**WORK TO BE COMPLETED**
Would you tally how many lines in the records include the word "image"? Reply with the number only.

--- DATA SHOWN Enclosed Below ---

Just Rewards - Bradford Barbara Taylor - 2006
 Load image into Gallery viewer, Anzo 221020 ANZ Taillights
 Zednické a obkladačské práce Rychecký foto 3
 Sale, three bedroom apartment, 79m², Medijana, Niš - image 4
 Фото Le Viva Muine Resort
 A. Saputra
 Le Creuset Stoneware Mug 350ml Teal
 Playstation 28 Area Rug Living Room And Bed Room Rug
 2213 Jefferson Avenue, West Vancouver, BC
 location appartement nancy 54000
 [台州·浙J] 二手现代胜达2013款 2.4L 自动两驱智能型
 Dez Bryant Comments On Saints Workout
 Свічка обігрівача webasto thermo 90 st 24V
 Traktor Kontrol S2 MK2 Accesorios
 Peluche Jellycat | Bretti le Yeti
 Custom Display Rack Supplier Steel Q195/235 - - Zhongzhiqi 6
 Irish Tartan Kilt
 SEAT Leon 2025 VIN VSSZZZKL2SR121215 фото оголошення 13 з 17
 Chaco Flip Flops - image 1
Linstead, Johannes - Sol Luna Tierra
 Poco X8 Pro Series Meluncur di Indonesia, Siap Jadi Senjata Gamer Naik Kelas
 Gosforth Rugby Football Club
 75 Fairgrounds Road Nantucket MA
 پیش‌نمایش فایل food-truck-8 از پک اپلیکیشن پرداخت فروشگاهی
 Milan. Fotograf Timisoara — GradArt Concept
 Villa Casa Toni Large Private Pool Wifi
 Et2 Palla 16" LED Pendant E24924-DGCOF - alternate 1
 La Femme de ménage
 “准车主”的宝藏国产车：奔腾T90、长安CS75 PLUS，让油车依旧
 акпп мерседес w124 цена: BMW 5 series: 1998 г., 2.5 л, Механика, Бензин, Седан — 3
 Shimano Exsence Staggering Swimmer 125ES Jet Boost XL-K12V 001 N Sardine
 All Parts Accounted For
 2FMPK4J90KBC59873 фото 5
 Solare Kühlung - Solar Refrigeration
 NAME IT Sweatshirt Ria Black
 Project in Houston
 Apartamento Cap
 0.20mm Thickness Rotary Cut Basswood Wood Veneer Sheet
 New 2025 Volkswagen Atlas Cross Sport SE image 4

--- End of Enclosed DATA SHOWN ---

**EXERCISE OUTPUT**
4